1.2. No direito ordinário, o regime jurídico relativo à responsabilidade civil extracontratual do Estado e demais Entidades Públicas encontra-se regulado em anexo à Lei n.º 67/2007, de 31.12, adiante designado por RRCEE, sendo que o respetivo artigo 7.º, n.º 2 foi, entretanto, alterado pela Lei n.º 31/2008, de 17.07, em domínio que não releva no caso concreto.
A responsabilidade civil por danos decorrentes do exercício da função jurisdicional encontra-se regulada nos artigos 12.º a 14.º do RRCEE.
O artigo 12.º constitui o «regime geral» na matéria, ao passo que o artigo 13.º trata da «responsabilidade por erro judiciário» e o artigo 14.º refere-se à «responsabilidade dos magistrados».

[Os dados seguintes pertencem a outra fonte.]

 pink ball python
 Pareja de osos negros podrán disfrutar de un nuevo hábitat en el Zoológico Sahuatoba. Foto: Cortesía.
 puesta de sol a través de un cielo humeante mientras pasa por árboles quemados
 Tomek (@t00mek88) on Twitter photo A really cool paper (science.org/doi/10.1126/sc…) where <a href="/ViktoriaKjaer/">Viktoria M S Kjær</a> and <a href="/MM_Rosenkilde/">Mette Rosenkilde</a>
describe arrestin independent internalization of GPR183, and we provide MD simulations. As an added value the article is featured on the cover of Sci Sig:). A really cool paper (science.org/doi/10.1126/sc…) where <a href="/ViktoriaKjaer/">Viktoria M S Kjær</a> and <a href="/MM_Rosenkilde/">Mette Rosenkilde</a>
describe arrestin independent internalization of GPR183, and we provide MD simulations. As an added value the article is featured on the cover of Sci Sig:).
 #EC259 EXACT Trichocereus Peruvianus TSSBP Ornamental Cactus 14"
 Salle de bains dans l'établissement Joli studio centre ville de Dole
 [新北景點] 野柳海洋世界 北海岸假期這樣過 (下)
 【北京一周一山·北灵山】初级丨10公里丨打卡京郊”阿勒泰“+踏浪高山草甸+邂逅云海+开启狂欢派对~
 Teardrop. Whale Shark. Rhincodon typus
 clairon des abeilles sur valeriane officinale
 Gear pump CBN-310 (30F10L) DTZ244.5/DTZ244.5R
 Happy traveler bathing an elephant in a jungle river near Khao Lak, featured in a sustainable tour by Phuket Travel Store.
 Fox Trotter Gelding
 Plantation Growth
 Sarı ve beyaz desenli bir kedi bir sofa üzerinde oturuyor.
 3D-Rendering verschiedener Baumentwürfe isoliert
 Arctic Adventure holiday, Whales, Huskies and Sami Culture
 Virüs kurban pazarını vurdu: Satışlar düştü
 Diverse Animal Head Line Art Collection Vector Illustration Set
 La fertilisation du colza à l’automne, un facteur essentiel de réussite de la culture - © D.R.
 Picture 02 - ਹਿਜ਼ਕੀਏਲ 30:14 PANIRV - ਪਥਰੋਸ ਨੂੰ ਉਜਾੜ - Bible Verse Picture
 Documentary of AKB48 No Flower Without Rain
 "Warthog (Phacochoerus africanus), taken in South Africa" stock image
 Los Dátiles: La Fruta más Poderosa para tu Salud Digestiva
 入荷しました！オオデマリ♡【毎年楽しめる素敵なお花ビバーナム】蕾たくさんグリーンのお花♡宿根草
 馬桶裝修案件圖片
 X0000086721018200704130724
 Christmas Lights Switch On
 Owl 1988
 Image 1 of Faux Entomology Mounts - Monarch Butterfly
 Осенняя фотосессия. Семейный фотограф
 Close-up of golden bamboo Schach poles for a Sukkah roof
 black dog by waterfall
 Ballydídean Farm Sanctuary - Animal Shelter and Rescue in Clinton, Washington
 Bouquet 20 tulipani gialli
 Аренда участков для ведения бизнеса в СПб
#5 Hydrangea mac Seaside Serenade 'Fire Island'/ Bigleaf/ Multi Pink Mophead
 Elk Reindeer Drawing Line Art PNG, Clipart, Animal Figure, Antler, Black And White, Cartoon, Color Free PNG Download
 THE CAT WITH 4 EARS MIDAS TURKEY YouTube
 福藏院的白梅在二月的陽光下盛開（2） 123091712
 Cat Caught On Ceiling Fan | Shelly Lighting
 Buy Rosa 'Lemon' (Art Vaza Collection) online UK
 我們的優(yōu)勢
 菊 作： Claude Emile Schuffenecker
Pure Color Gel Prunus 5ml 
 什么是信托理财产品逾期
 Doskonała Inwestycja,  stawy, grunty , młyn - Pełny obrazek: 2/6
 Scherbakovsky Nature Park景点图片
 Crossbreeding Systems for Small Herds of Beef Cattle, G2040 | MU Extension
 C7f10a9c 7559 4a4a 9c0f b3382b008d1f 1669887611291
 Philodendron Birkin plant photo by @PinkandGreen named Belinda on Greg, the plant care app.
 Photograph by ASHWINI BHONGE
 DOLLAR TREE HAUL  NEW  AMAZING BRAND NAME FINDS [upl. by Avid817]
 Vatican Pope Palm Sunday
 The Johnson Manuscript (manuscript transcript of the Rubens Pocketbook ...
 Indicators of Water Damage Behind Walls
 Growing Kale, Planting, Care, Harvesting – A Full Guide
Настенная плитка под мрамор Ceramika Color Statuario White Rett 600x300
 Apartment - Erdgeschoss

1.3. O referido artigo 13.º, n.º 1, do RRCEE preceitua que «[s]em prejuízo do regime especial aplicável aos casos de sentença penal condenatória injusta e de privação injustificada da liberdade, o Estado é civilmente responsável pelos danos decorrentes de decisões judiciais manifestamente inconstitucionais ou ilegais ou injustificadas por erro grosseiro na apreciação dos respetivos pressupostos».
Nos termos daquele preceito, o «erro judiciário» reporta-se a situações de patente, ostensiva, evidente, desconformidade do decidido com o regime constitucional e legal vigente ou os respetivos fundamentos factuais.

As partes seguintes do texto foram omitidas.